Elusive Bugs with GraphQL Object Caching in Apollo Client
We are deploying a major update to our internal application soon that uses the Apollo client for GraphQL. It's pretty awesome even though there were a couple bugs I had to fix.
During regression testing we ran into an issue involving the Apollo client that was subtle and caused "interesting" bugs. First, let's take a look at exactly how object caching works.
Caching in Apollo client
By default, caching in Apollo uses the in-memory cache. The way Apollo determines if it should cache a GraphQL object is if the response contains an id
or _id
property and a __typename
property (which is added automatically by Apollo by default).
So, for example, let's say we declared a Product
type in our GraphQL schema:
type Product {
sku: ID!
title: String!
quantity: Int!
}
The product has an identifier and it's stored in the SKU field.

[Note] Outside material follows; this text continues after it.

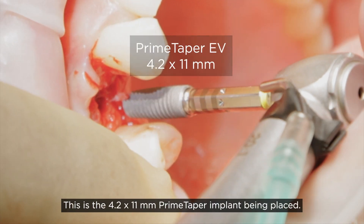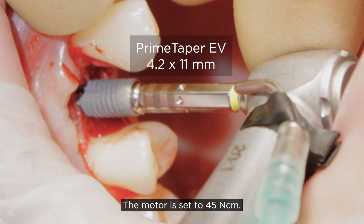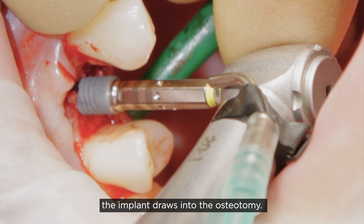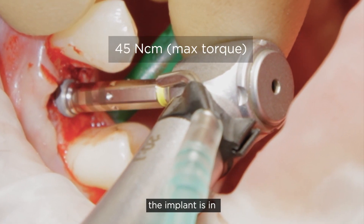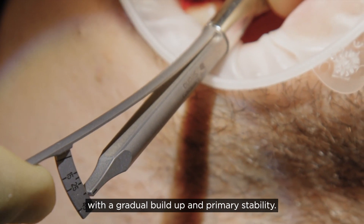This is the 4.2 by 11 millimeter Prime Taper implant being placed — the motor is set to 45 Newton centimeters. You can see how easily and nicely the implant draws into the osteotomy, and at the end of placement when we hit 45 Newton centimeters, the implant is in exactly the correct position with a gradual build-up in primary stability.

Then you issued a query like this:
{
product(sku: "abc123") {
sku
title
quantity
}
}
Pretty straightforward--we want to grab the sku
, title
, and quantity
for a product by SKU. The response when run through Apollo client will look like:
{
data: {
product: {
sku: "abc123",
title: "My cool product",
quantity: 4,
__typename: "Product"
}
}
}
Now, based on the rules above, do you think Apollo will cache the Product object by it's SKU? No. Because there is no id
or _id
property, only a __typename
property which isn't enough.
We can fix this in a few ways:
- Change the schema
- Use
dataIdFromObject
option in the caching configuration - Alias the SKU to be
id
- Alias SKU as
_id
but still keepsku
I don't like the first option because if sku
is the natural key in your domain, why change it?
Using dataIdFromObject
is a great approach if you control the client configuration:
import { InMemoryCache, defaultDataIdFromObject } from 'apollo-cache-inmemory';
const cache = new InMemoryCache({
dataIdFromObject: object => {
switch (object.__typename) {
case 'Product': return object.sku; // use `sku` as the primary key
default: return defaultDataIdFromObject(object); // fall back to default handling
}
}
});
I'd advise splitting this up into separate functions for each type and genericizing it but I leave that up to you.
If you don't control the configuration, adding an alias still allow you to express what the natural ID is of your domain objects and pushes the concern of ID caching to the client.
I prefer adding an additional _id
field because it allows our caller to still treat the response as it would be expected from the GraphQL documentation. It also helps more if you're statically typing responses. With that in mind, let's update our query:
{
product(sku: "abc123") {
sku
title
quantity
_id: sku
}
}
Great! We've added an alias for _id
so now GraphQL will respond with:
{
data: {
product: {
sku: "abc123",
title: "My cool product",
quantity: 4,
_id: "abc123",
__typename: "Product"
}
}
}
Now the condition is satisfied and Apollo will cache the Product
by this ID.
Non-idempotent object caching
Using IDs is pretty standard when working with APIs and data. Real scenarios have more complex data and thus your GraphQL schema will probably start to get more involved. Since many entities in an application domain might have id
properties this feature of Apollo can also turn against you if you aren't careful.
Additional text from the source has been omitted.